# The frames are falling apart on an active hive!?



## Terri (May 10, 2002)

Bees love old, black combs so I put some in 2 hives and set them out last spring.

A small swarm moved into one. GOOD! It is now a medium sized hive.

I just put my 2 hives to bed for the winter, so to speak. The inspection for the hive from the bought queen went like it was supposed to. I smoked, I looked, they are fine.

However, the hive from the swarm didn't glue the hive together, they CEMENTED it! After a couple of tries I popped the boxes apart. I got the inner cover off by prying: I popped the seams a little but I don't care, I have another. 

Did I mention they were OLD, black combs?!?! Those combs are cemented in so well I cannot get those out without breaking the frames, I heard the wood cracking when I tried, so I simply shut up the hive for the winter. I will have to deal with it next spring once the weather becomes reliable.

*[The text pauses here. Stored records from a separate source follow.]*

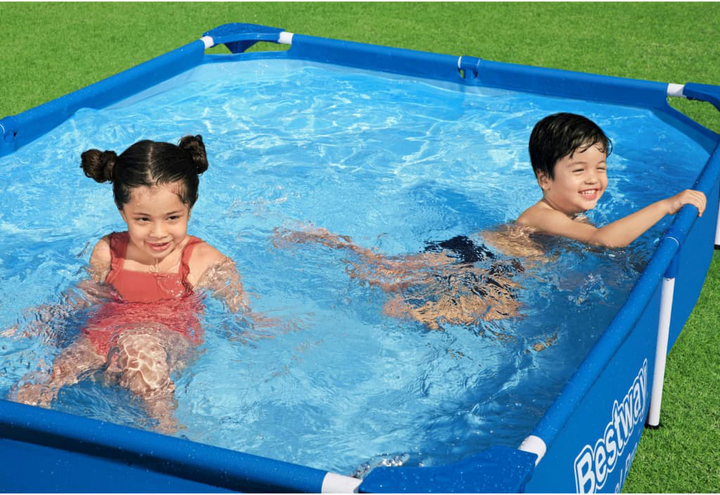 Basen stelażowy Bestway Steel Pro Pool 221 x 150 x 43 cm (6942138981179) - obraz 3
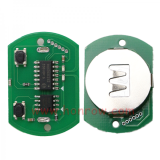 For Volvo 2 button Remote Car Key with 433mhz  P/N: 21392420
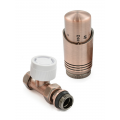 Delta Straight TRV - Antique Copper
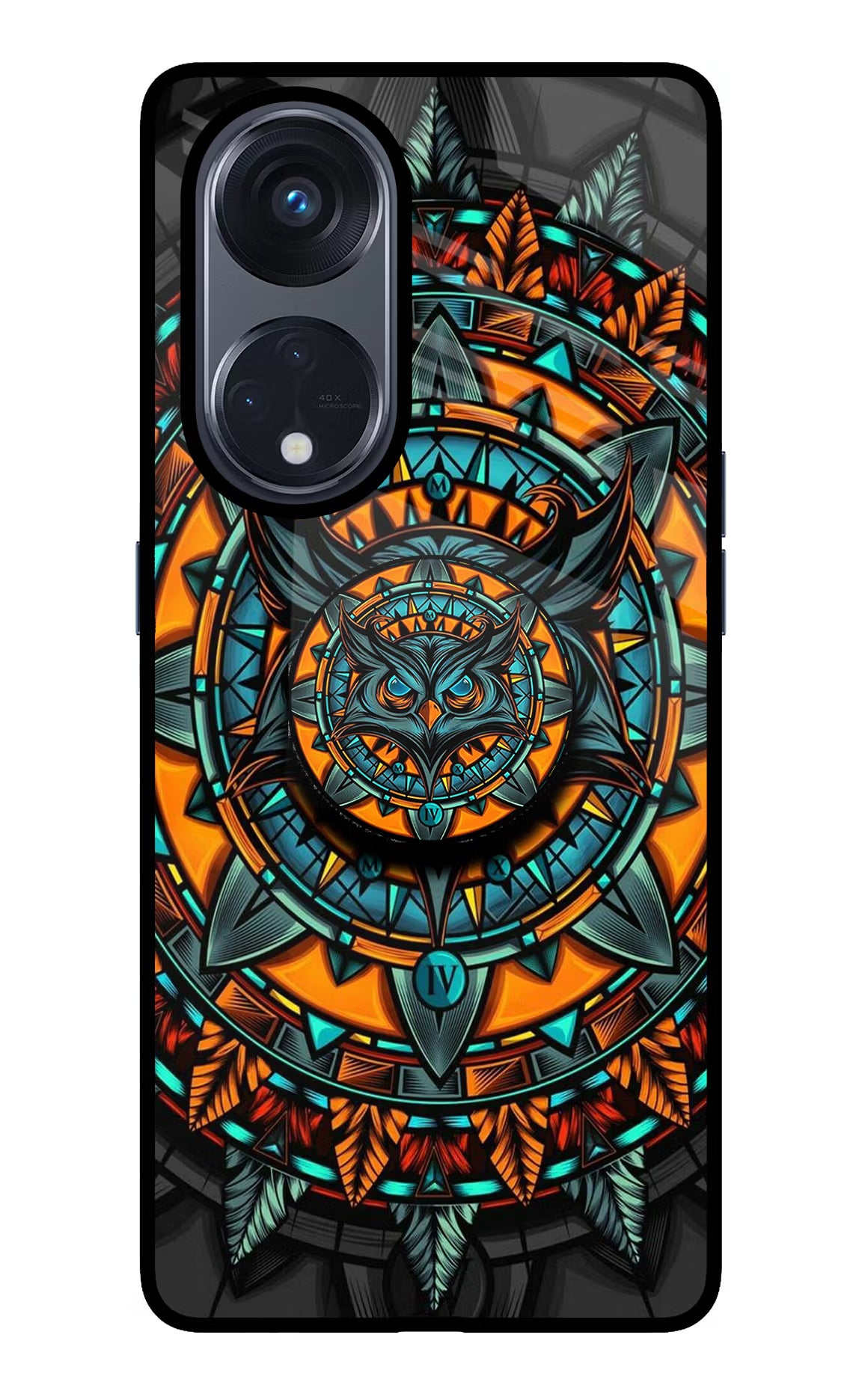 Angry Owl Oppo Reno8 T 5G Pop Case by Casekaro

Will it work next spring if I give them new comb in the center, and move the brood comb (in large pieces) to one side? I have noticed the brood in a hive is only in the middle, so, if the new brood is laid there on new combs then the old brood can hatch out in what I have set aside and the now-empty pieces of old comb can be removed and replaced with something newer and stronger. If that makes sense.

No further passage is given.